The lawmakers applauded the Education Department’s recent decision to open an investigation into whether legacy and donor preferences at Harvard University amount to racial discrimination.
The agency’s inquiry is in response to a complaint filed by the nonprofit legal group Lawyers for Civil Rights, which found that 70% of Harvard students admitted through ties to alumni or donors are White. Legacy students are nearly six times more likely to be admitted than other students, while applicants related to donors are nearly seven times as likely, according to research cited by the group.
The three lawmakers called on the Education Department to support colleges transitioning away from legacy and donor preferences, aggressively pursue complaints against these practices, and deny federal funding to institutions that use these admissions tactics to disproportionately benefit White and wealthy students.
They also asked the department to commission a report on the negative impact of legacy admissions.
Their letter comes after congressional Democrats reintroduced a bill last month to ban legacy admissions. Though a 2022 version of the bill didn’t gain traction, calls to end the practice have grown since the Supreme Court ruling.
Colleges have also been voluntarily ditching the practice in recent years.
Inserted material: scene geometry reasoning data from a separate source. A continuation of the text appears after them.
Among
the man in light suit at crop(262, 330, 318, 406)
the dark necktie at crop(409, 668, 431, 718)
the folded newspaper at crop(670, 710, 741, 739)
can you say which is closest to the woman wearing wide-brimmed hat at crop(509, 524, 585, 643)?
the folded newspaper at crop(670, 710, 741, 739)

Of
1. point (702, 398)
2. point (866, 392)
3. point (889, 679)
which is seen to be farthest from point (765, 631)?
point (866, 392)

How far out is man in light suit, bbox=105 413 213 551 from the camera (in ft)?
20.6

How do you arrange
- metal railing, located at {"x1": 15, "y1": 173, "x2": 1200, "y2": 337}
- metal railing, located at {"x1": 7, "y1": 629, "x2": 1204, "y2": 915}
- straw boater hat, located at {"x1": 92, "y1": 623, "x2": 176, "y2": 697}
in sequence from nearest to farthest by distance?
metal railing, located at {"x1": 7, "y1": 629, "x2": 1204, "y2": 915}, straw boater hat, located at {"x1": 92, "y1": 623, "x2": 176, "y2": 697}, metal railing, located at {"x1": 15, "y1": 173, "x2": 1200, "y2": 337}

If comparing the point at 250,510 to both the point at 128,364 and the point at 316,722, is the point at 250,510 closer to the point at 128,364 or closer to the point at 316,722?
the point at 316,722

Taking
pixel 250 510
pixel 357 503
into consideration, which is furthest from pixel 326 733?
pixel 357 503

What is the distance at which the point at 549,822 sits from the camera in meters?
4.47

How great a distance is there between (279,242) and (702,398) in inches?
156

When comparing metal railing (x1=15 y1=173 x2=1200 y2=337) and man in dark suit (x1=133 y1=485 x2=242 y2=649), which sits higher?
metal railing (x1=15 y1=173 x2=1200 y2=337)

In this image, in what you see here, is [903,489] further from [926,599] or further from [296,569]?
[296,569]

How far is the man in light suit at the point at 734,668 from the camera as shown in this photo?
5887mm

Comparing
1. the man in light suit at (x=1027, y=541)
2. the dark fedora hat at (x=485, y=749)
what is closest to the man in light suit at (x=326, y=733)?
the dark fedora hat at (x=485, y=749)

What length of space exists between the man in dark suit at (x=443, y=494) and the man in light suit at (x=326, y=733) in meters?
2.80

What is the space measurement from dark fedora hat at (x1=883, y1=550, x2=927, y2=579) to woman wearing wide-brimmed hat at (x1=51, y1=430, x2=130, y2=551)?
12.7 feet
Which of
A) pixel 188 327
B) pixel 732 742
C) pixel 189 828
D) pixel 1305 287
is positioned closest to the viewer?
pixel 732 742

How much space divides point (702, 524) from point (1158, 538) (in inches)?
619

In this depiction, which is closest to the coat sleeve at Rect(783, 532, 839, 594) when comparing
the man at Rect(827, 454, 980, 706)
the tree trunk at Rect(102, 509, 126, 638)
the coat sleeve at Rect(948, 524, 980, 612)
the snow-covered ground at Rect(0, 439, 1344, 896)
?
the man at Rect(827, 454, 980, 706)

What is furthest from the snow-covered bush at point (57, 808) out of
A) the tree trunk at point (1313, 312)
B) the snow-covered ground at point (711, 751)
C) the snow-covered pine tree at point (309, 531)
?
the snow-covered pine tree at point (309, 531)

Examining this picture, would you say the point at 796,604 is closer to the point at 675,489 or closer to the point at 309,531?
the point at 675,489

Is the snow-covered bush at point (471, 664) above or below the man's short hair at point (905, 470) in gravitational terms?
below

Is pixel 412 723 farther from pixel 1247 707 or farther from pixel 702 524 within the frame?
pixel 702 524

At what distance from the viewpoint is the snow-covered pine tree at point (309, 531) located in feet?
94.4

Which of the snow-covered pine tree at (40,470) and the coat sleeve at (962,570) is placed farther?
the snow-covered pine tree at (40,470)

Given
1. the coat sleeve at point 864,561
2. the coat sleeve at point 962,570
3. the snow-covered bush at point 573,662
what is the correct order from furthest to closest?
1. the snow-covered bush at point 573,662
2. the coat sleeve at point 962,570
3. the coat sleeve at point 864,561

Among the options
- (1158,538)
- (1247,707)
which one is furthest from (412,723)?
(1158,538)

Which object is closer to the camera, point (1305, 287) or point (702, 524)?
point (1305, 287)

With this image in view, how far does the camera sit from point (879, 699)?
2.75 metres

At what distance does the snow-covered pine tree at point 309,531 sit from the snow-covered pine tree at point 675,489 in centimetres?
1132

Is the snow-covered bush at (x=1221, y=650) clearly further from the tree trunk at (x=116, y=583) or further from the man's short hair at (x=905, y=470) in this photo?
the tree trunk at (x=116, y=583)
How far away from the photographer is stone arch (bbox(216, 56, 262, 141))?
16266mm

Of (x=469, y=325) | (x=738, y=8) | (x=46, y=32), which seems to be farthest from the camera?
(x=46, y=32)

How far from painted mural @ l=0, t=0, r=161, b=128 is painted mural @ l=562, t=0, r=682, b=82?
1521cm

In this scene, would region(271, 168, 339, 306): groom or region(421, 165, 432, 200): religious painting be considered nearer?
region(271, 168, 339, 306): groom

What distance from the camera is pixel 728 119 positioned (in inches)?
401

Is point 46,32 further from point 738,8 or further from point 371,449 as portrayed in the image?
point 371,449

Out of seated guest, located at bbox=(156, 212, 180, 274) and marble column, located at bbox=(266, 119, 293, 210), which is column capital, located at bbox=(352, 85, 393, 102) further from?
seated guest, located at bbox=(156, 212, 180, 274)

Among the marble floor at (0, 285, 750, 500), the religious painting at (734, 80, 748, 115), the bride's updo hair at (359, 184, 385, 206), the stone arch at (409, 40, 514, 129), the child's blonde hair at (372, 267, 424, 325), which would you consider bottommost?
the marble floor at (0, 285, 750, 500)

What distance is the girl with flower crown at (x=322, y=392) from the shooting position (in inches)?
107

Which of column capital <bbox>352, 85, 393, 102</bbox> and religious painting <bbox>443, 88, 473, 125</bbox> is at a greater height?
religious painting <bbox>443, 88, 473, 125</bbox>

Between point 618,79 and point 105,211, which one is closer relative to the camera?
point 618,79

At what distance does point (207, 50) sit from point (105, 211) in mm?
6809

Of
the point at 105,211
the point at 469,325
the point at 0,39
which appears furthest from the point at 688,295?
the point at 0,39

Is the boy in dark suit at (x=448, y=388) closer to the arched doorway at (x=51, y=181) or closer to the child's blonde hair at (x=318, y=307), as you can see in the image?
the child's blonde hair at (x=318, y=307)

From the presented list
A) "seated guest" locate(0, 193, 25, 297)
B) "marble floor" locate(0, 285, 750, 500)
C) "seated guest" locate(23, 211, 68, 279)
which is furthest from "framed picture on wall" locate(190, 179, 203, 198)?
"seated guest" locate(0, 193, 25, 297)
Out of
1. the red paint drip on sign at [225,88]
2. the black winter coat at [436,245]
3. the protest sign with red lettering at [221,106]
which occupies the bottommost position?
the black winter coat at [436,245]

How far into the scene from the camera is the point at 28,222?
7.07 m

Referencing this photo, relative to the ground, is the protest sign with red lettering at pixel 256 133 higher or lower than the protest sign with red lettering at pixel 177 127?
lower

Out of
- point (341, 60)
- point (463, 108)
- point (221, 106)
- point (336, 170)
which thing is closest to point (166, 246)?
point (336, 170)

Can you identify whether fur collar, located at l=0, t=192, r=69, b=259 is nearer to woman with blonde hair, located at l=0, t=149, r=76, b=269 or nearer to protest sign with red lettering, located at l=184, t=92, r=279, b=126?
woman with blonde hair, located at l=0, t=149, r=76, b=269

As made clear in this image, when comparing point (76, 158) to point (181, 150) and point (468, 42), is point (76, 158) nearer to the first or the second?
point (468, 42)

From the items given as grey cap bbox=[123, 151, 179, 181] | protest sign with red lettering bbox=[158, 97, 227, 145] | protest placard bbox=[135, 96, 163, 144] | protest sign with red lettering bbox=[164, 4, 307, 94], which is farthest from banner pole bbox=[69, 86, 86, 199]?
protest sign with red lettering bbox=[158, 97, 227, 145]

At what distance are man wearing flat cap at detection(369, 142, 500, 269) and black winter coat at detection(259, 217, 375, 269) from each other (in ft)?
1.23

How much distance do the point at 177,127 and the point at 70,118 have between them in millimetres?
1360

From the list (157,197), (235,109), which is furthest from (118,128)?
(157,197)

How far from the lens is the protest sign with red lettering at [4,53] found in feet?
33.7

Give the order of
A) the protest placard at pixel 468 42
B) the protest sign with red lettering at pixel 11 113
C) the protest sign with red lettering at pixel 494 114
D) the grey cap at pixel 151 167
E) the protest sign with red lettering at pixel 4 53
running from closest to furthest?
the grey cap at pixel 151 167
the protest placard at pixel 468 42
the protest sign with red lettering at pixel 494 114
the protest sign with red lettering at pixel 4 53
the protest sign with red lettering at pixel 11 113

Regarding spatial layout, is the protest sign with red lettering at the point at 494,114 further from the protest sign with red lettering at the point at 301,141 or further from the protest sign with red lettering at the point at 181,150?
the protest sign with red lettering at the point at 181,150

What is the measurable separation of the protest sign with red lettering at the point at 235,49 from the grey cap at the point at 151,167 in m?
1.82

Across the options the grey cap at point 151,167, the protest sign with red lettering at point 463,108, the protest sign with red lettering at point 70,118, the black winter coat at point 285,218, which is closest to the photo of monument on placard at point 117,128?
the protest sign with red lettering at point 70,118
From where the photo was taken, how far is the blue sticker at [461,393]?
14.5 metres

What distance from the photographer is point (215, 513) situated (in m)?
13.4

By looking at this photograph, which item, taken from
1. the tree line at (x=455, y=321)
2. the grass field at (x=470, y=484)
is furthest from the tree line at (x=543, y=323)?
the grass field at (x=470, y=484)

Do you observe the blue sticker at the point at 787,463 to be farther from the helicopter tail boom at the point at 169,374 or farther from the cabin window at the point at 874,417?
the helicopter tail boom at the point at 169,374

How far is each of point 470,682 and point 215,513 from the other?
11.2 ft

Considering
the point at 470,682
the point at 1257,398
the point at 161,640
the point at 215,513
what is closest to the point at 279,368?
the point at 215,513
Wesleyan University, a selective liberal arts institution in Connecticut, made headlines last month when its president told The New York Times that it had ended legacy admissions.
Wesleyan President Michael Roth called the practice “a sign of unfairness to the outside world.”
Likewise, Amherst College stopped giving preferential treatment to legacy applicants in 2021. This year, the selective Massachusetts institution reported that its incoming class has the highest proportion of first-generation students it has ever enrolled.